• Publishing the service - once the service is available, how do clients find or discover the Web Service? Just as we have web sites such as MSN and Yahoo! that publish the location of web sites, shouldn't we have something similar for Web Services?
• Describing the service - how do consumers of the service call the service? For example, what protocol does the service support? How does the protocol serialize data? What data types does the service support? Does the Web Service require a schema?
• The network - one of the problems with other protocols such as DCOM, RMI, or CORBA is that they use TCP/IP ports that are closed or restricted, or in some cases require additional software or a specific operating system. Administrators use firewalls to lock down their Internet exposure, usually leaving only ports 80 and 443 left open for HTTP and HTTPS traffic respectively. If the required ports are not accessible, or are blocked, building successful distributed applications is more difficult. Additionally, most web applications are an amalgamation of technologies and operating systems.
• The development framework and tools - given some application logic, is there a common development framework - as opposed to a choice of language, or even platform - that we can use to easily create Web Services?

These challenges are not particularly difficult to overcome. In fact, the work done by Microsoft, IBM, Intel, and HP (to name just a few), has meant that many of these issues have already been addressed through development frameworks (such as Microsoft .NET) or through specifications that have been submitted to standards organizations.

The specifications form part of the solution to the problems we listed. Rather than each company driving its own view of the world, they can agree on a single specification and provide an implementation of it. Standards-based specifications work especially well at the network level since each application can then leverage all the features provided by its native platform.

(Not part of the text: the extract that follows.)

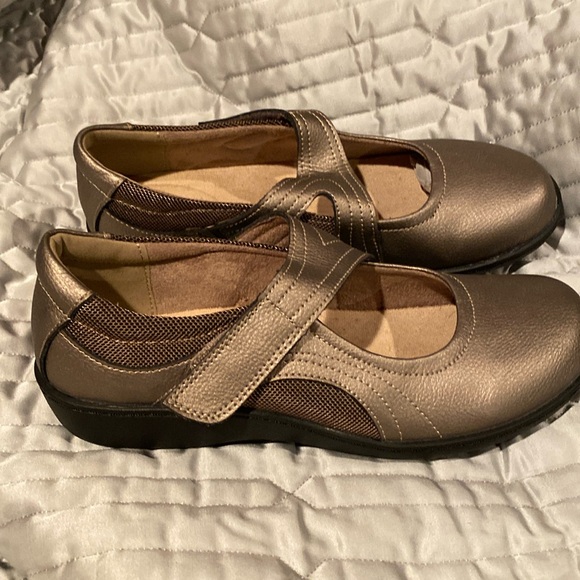 Oviaric wide Mary Jane style walking shoes - Picture 2 of 4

Let's review some of the specifications.

Specifications
To solve these types of integration, protocol, discovery, and description problems, Microsoft is working with companies that believe that Web Services are the key to building the next generation of web applications. The specifications they are creating fall into three categories:

• Discovery - there are two specifications that address the discovery of Web Services. Universal Description, Discovery and Integration (UDDI) - see http://www.UDDI.org for more details - is a directory that we can use to publish and discover public Web Services. Another specification, DISCO (abbreviated from Discovery) can also be used to group common services together on a server, and provide links to the schema documents the services it describes may require. We'll discuss both of these in the next chapter.
• Description - Web Service Description Language (WSDL), another Microsoft co-submitted W3C specification, defines an XML grammar for describing Web Services. This description includes details such as where we find the Web Service (its URI), what methods and properties that service supports, the data types, and the protocols used to communicate with the service. Tools can consume this WSDL and build proxy objects that clients use to communicate with the Web Services. We'll talk more about what proxies are and how to build them in the next chapter. The WSDL specification is available at http://www.w3.org/TR/wsdl.
• Protocol - as we've already mentioned, SOAP describes an extensible XML serialization format that uses HTTP to transport data. We will discuss SOAP in this chapter, but not in any great detail. The specification is available at http://www.w3.org/TR/SOAP.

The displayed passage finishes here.